The PTPN11 mutation frequency in cfDNA was determined by calculating the fraction of the mutant PTPN11 molecule concentration A (copies/μL) relative to the wt PTN11 reference molecule concentration B (copies/μL) (fraction = A/(A + B)). The estimation of the false-positive rate was determined by performing three experiments for each assay using the wt samples, in which the total numbers of detected mutated positive droplets were used to determine the thresholds above which the positive droplets in patient samples were considered as true positives. According to the input quantity, only reactions containing at least one, two, three, and four positive droplets for 0–7 ng, 7–15 ng, 15–100 ng and > 100 ng of input, respectively, were classified as positive in the ddPCR analysis.

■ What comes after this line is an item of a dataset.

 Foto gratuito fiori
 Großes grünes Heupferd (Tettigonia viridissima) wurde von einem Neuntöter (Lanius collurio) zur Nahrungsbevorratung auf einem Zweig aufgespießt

In canine OMM, MDM2 and TRPM7, copy numbers were determined using the QuantaSoft analysis software (version 1.7.4, Bio-Rad), which calculated the ratio of the target molecule concentration A (copies/μL) to the reference molecule concentration B (copies/μL) multiplied by the number of reference copies in the canine genome (copy number = (A/B)*2). These genes were considered amplified when the copy number was ≥ 3 and the confidence interval was > 2. The same method was used to quantify MRD in the plasma of dogs with lymphoma (A: lymphoma-specific antigen receptor rearrangement, and B: CFA 26 region, control, and ctDNA% = (A/B) × 100).

Statistical analysis

Statistical analyses were performed using R studio software (Version 1.1.463; Vienna, Austria)59,60. The normal distribution of the data was evaluated using the Shapiro–Wilk test. When the data were not normally distributed, non-parametric tests were performed. The Wilcoxon test was used to compare the mean cfDNA concentrations and WHO stage in lymphoma and melanoma cases. A Kruskal–Wallis test was used to compare the cfDNA concentration in plasma between the different clinical groups. The Fisher exact or Chi-square tests were performed to evaluate associations between the presence of PTPN11 mutations and clinical parameters. Finally, Spearman correlation tests were used to evaluate the correlation between lymph node size and ctDNA fraction in dogs with multicentric lymphoma that were receiving chemotherapy.